Main Greek bank stocks slump by a quarter

ATHENS (AFP) - The shares of Greece’s four main banks lost more than a quarter of their value on Wednesday after the new hard left government pushed its demand for debt relief.

At the end of a turbulent day on the Athens stock market, Piraeus Bank closed down 29.3 per cent, Alpha Bank shed 26.8 per cent, Eurobank slid 25.9 per cent and National Bank was down 25.5 per cent.

Overall Greek stocks slumped 9.2 per cent to their lowest level since June 2012, closing at 711 points compared with 783 points on Tuesday.

The market fell after the new government of Prime Minister Alexis Tsipras on Wednesday scrapped key privatisation tenders, including for the ports of Piraeus and Thessaloniki, and pressed home its demand for a renegotiation of Greece’s 240 billion euro (S$367 billion) EU-IMF bailout.

The same quartet of banks have been recapitalised twice since the debt crisis began in 2010.

As recently as Jan 21 this year – just four days before the snap general election – the four banks requested European temporary liquidity injections, known as emergency liquidity assistance (ELA).

The amount they asked for has not been revealed, but the banks stressed it was a precautionary measure. Their requests are expected to be considered by the European Central Bank.
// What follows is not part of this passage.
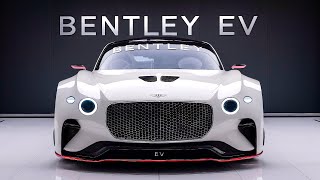 Exclusive First Look 2026 Bentley EV Unveiled - World Most Luxury Electric Car!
Christopher Dembik, a Paris-based economist at Saxo Bank, said the first steps of the radical anti-austerity Greek government were causing fresh nervousness, but the structural problems of Greek banks were deep-rooted.

“Investors are worried about the state of the banks but they have been doing badly since the start of the debt crisis because the sector has never really been re-structured, unlike what has been done in Spain,” he said.

Yields on Greek 10-year bonds also rose above the symbolic barrier of 10 per cent on Wednesday.